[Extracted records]
-- Opening Marker --

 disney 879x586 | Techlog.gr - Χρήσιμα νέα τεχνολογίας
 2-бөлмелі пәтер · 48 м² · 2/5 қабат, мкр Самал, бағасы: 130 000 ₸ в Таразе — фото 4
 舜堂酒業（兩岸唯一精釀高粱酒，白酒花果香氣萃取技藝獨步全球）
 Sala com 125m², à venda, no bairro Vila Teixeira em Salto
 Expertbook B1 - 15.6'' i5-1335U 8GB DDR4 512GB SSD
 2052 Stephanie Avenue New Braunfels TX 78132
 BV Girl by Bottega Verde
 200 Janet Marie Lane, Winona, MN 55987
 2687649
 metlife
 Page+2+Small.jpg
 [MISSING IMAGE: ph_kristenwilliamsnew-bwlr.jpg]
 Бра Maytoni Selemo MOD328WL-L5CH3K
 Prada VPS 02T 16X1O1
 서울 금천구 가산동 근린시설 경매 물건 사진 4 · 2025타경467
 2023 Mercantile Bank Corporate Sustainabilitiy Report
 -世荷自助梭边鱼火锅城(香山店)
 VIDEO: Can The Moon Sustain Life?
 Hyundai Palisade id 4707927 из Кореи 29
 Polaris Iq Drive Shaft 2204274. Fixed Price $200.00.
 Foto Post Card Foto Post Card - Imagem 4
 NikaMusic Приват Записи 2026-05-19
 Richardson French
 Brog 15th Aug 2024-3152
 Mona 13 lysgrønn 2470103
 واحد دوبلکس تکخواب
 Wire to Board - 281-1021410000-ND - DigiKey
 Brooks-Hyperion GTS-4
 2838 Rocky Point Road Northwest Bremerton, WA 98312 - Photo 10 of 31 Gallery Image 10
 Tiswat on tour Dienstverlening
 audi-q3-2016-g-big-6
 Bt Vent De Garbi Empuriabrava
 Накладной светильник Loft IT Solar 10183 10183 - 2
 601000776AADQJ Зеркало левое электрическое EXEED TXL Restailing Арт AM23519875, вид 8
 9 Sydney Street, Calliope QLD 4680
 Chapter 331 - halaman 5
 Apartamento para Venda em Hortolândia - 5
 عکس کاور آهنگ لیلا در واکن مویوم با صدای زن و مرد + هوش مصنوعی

-- Closing Marker --

**Exercise brief**: Scan the lines above for "Prada VPS 02T 16X1O1" and for "Brooks-Hyperion GTS-4". Repeat exactly the line holding each of them and every line in between.

**Solution**:
 Prada VPS 02T 16X1O1
 서울 금천구 가산동 근린시설 경매 물건 사진 4 · 2025타경467
 2023 Mercantile Bank Corporate Sustainabilitiy Report
 -世荷自助梭边鱼火锅城(香山店)
 VIDEO: Can The Moon Sustain Life?
 Hyundai Palisade id 4707927 из Кореи 29
 Polaris Iq Drive Shaft 2204274. Fixed Price $200.00.
 Foto Post Card Foto Post Card - Imagem 4
 NikaMusic Приват Записи 2026-05-19
 Richardson French
 Brog 15th Aug 2024-3152
 Mona 13 lysgrønn 2470103
 واحد دوبلکس تکخواب
 Wire to Board - 281-1021410000-ND - DigiKey
 Brooks-Hyperion GTS-4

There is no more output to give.